■ REQUIREMENT ■
From the first line through the line containing "Otunnu Forgives Museveni", transcribe the records exactly and include no other lines.
+-------+
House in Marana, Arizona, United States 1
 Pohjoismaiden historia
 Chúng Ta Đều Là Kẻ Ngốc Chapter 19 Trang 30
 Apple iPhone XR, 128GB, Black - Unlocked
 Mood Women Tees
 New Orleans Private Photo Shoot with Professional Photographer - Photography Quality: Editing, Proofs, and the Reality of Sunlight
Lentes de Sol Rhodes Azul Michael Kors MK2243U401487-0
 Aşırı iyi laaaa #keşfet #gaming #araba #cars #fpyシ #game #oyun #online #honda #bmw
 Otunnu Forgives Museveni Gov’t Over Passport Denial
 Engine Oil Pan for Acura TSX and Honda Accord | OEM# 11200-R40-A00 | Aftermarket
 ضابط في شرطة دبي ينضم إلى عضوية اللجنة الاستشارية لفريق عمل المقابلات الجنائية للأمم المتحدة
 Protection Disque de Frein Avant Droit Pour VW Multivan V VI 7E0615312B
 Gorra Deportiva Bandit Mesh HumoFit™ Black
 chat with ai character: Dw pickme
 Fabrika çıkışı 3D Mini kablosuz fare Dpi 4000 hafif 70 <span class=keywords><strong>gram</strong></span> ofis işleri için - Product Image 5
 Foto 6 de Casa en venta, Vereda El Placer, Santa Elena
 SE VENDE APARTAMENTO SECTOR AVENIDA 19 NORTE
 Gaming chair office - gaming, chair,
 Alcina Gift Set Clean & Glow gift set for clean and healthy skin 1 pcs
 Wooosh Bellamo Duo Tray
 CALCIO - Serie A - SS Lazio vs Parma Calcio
+-------+
■ SOLUTION TO THE EXERCISE ■
House in Marana, Arizona, United States 1
 Pohjoismaiden historia
 Chúng Ta Đều Là Kẻ Ngốc Chapter 19 Trang 30
 Apple iPhone XR, 128GB, Black - Unlocked
 Mood Women Tees
 New Orleans Private Photo Shoot with Professional Photographer - Photography Quality: Editing, Proofs, and the Reality of Sunlight
Lentes de Sol Rhodes Azul Michael Kors MK2243U401487-0
 Aşırı iyi laaaa #keşfet #gaming #araba #cars #fpyシ #game #oyun #online #honda #bmw
 Otunnu Forgives Museveni Gov’t Over Passport Denial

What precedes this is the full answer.